**Exercise data:**
☆ ☆ ☆ ☆ ☆
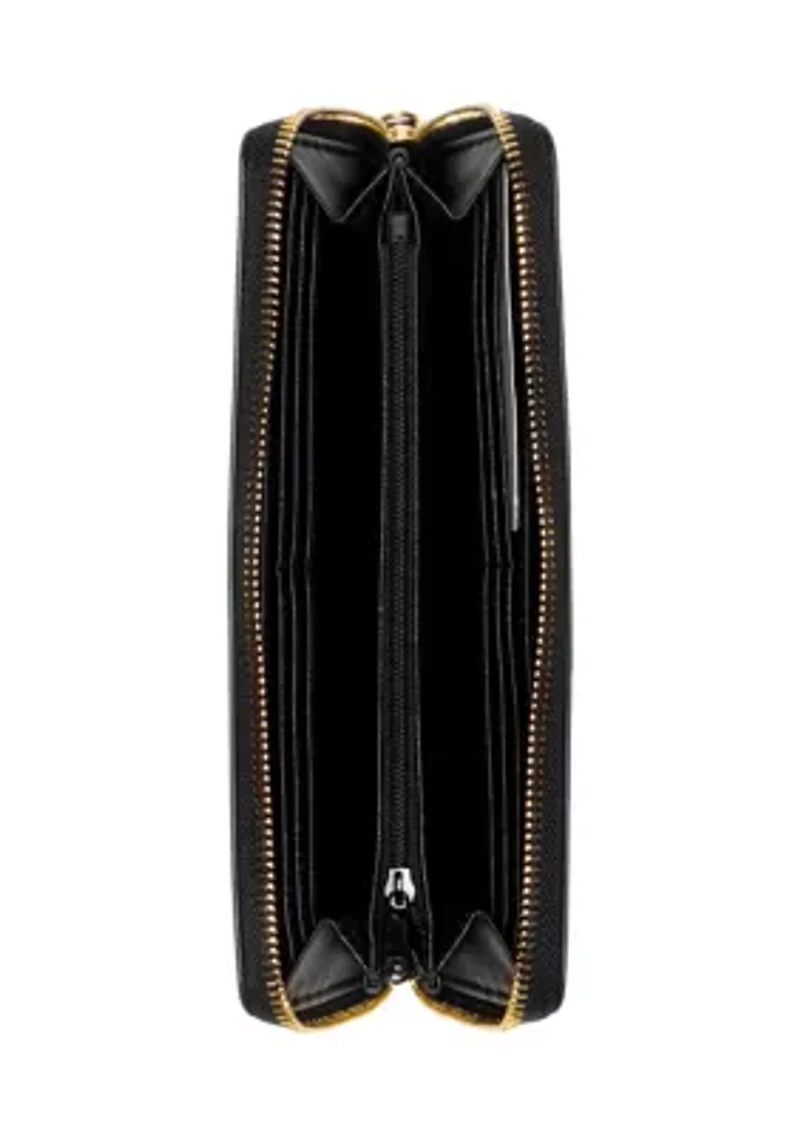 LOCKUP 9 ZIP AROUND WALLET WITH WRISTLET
☆ ☆ ☆ ☆ ☆
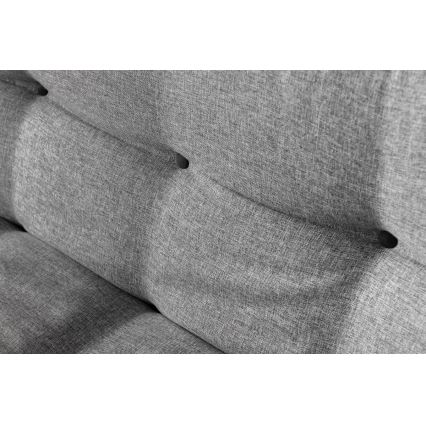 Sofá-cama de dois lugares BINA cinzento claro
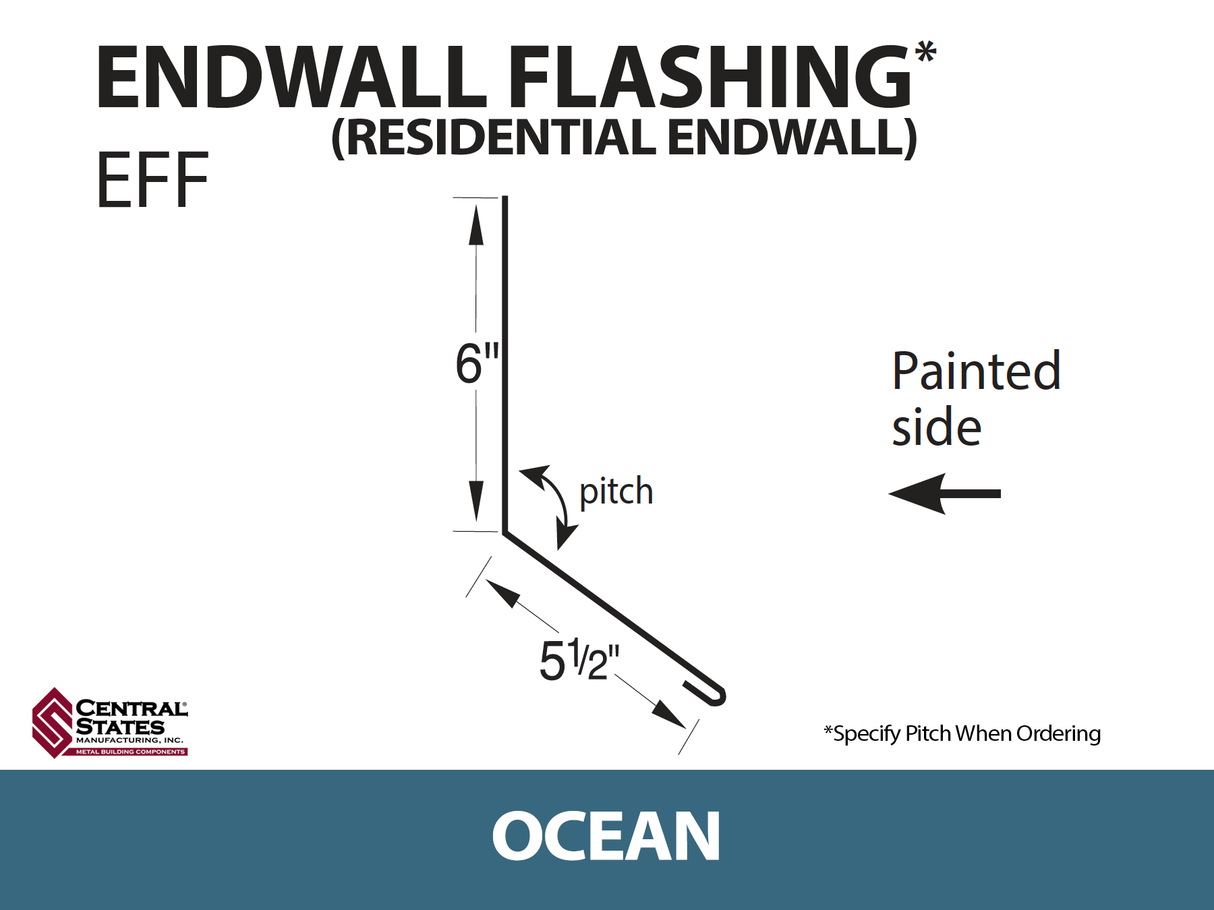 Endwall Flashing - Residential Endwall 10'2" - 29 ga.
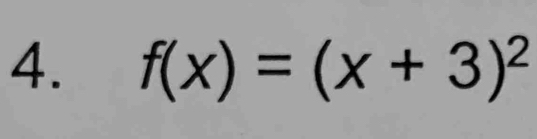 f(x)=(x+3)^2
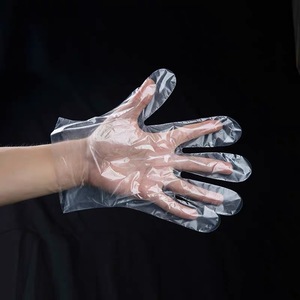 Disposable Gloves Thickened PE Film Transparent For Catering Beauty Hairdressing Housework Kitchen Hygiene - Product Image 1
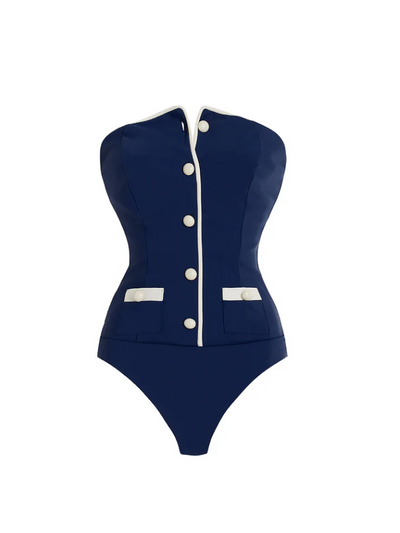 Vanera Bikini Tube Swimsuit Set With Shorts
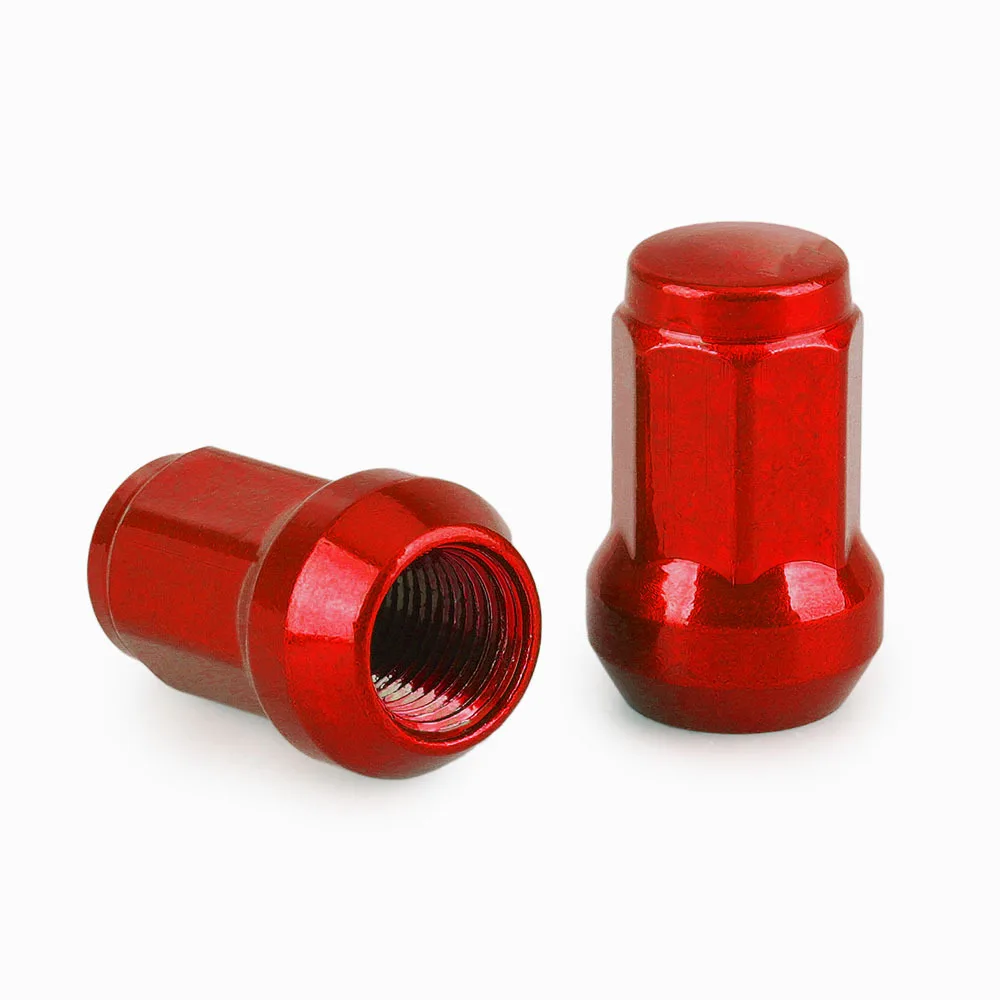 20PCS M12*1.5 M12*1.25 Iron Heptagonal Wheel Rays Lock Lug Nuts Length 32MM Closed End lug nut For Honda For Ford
☆ ☆ ☆ ☆ ☆
**Work to complete:** What do the entries above read from the line containing "Endwall Flashing - Residential" through the line containing "20PCS M12*1.5 M12*1.25"? Output those lines exactly, both ends included, with the pictures left out.

**Output below:**
 Endwall Flashing - Residential Endwall 10'2" - 29 ga.
 f(x)=(x+3)^2
 Disposable Gloves Thickened PE Film Transparent For Catering Beauty Hairdressing Housework Kitchen Hygiene - Product Image 1
 Vanera Bikini Tube Swimsuit Set With Shorts
 20PCS M12*1.5 M12*1.25 Iron Heptagonal Wheel Rays Lock Lug Nuts Length 32MM Closed End lug nut For Honda For Ford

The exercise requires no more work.